Quant à la réforme des OPCO1, même si les logiques économiques et/ou de métiers ont souvent dû céder sous la pression des lobbies et des ambitions de certains administrateurs (ceux qui défendent des périmètres, pouvoirs et prébendes plutôt que l’intérêt général), ce n’est pas anodin que la Réforme remette les principales décisions entre les mains des Branches. Celles-ci, appelées à s’entendre, dans une logique émergente de Secteurs professionnels, vont devoir se poser des questions stratégiques notamment sur l’évolution des métiers et des qualifications, et mobiliser des Observatoires aujourd’hui pas forcément tournés vers la prospective ni la transversalité.

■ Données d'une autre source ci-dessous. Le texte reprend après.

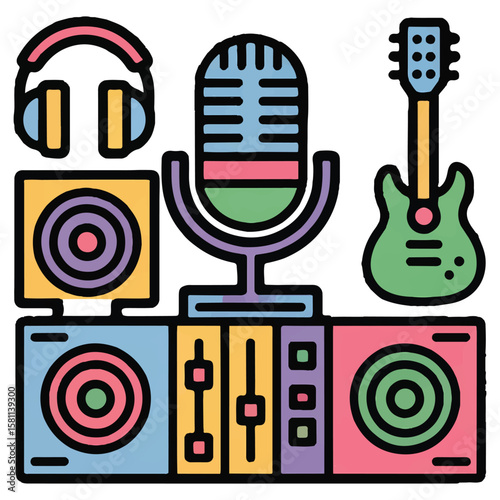 Vector art of a colorful music studio setup with instruments and equipment isolated on white background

On ne peut pas l’ignorer …

Mais cela ne veut pas dire que le paysage soit simple et « praticable » pour tous, pour autant :

  • Mettre la personne au centre de la Réforme et l’accent sur la liberté de choix ignore globalement les différences, importantes, de capacité d’autonomie et la nécessité pour une majorité des bénéficiaires d’avoir une « aide aux choix » et des formes d’« accompagnement » : ne joue pas à Trip -Advisor qui veut !
  • Surtout, en quoi et comment les entreprises et leur management prennent-ils leur place dans le développement et/ou le renouvellement des compétences ?

Au-delà des entreprises de moins de 50 salariés (pour lesquelles le paysage antérieur avec la mutualisation et l’appui des OPCO demeure), c’est un espace sans réelles contraintes où de simples incitations à se mobiliser ne suffiront pas : c’est bien à contribuer à l’émergence d’expériences positives, inspirantes et innovantes et à leur valorisation que nous devons nous consacrer (pour être logique avec les buts assignés à notre Association).

Pour nous, en effet, c’est le plus important défi posé à celles et ceux qui ont vocation à accompagner le développement des compétences, en phase avec les transformations en cours et à venir des entreprises, de leurs organisations et de leur management. Et parlant de cela, nous ne visons pas seulement les consultants, coachs et formateurs mais aussi (et même avant tout) celles et ceux qui sont dans l’accompagnement au quotidien dans l’entreprise et sont (ou devraient être) les « artisans internes des transformation » (2) : manageurs opérationnels, responsables de terrain en situation de tutorat, mentorat et autres maîtres d’apprentissage, responsables de projets innovants…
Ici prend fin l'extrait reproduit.